Adding a Chef User

I’ve just started an ace new job and really enjoying getting to work with Chef. Coming from using Puppet for over a year, my head is still in the mindset of working out how to do things the Puppet way – some thing I’m finding better, some not so good, but all in all, it feels like a more ambitious project, and a lot of fun to play with.

One of the first things I’ve found is that the documentation isn’t so cohesive – there is a lot of it and it’s good, but nothing like the James Turnbull ‘Pro Puppet’ book to hold your hand and guide you. The one I found most useful initially was this post, however the one thing i wanted to get straight in my head was how to create admin users for Chef, which is glossed over in that brief tutorial, by using the web-ui. The Opscode site documentation for doing this can be found here, but again, kinda buried down there, and as it took me a while to find, I figured a quick post was worth it.
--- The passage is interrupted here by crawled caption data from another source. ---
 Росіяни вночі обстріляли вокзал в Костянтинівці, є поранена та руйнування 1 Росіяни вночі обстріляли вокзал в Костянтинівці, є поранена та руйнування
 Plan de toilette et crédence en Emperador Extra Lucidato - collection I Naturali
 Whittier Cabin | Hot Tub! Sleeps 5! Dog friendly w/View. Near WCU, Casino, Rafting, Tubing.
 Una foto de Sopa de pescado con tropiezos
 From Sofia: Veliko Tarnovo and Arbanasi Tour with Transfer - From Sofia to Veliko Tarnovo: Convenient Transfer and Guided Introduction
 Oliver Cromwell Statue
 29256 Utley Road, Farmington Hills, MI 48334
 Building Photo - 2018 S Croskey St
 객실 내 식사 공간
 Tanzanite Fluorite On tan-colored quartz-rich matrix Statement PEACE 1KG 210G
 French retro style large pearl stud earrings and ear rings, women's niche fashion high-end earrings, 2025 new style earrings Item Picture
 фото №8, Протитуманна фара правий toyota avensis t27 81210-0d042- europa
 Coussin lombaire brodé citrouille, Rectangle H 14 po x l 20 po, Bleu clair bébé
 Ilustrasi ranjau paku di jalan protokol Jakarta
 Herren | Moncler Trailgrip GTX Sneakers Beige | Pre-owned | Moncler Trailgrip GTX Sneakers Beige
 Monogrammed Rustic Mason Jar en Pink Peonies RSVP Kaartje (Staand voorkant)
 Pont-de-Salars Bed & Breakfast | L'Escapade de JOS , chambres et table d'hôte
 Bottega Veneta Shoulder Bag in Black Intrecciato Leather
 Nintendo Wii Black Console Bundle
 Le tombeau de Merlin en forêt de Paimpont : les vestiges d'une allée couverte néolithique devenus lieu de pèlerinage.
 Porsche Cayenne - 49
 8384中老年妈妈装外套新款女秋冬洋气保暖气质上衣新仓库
Aiight, so long winded introduction, but the gist of it is, after install you have one admin user and cert setup on the actual server during install which is for the webui. On my Debian Squeeze install, this live at /etc/chef/webui.pem and is mode 600, owned by user ‘chef’. We can use this user/cert to create a client user/cert for ourselves with:
sudo knife configure -i

^ Start with the URL for where you have installed the Chef server, then a name for your client. Notice where it asks for the existing admin username and location of the certificate – enter chef-webui for the user and the /etc/chef/webui.pem file i mentioned. Next it also asks for the validation client name and pem which is “a special account used to auto-register new nodes.” Go with the default clientname and again, the key file lives in /etc/chef.

If that all worked fine, you should now have two new files in your ~/.chef directory – your knife.rb file and a private key file.
As we ran that as sudo however, you’ll need to chown the files to your own username –
sudo chown -R $USER ~/.chef
Test that works by running
knife client list
which should then list the clients setup by the install like chef-validator and chef-webui, and most importantly your new username. If that worked fine, you can now copy the private key and knife.rb files to your own workstation, adjusting the file locations in the knife.rb as required.

With yourself now setup, you can create keys for other users with:
knife client create NEWUSER -d -a -f NEWUSER.pem
Securely copy that key to the new user and create/generate a suitable knife.rb file for them (e.g. by copying and adjusting your own), and you should be done, multiple admins!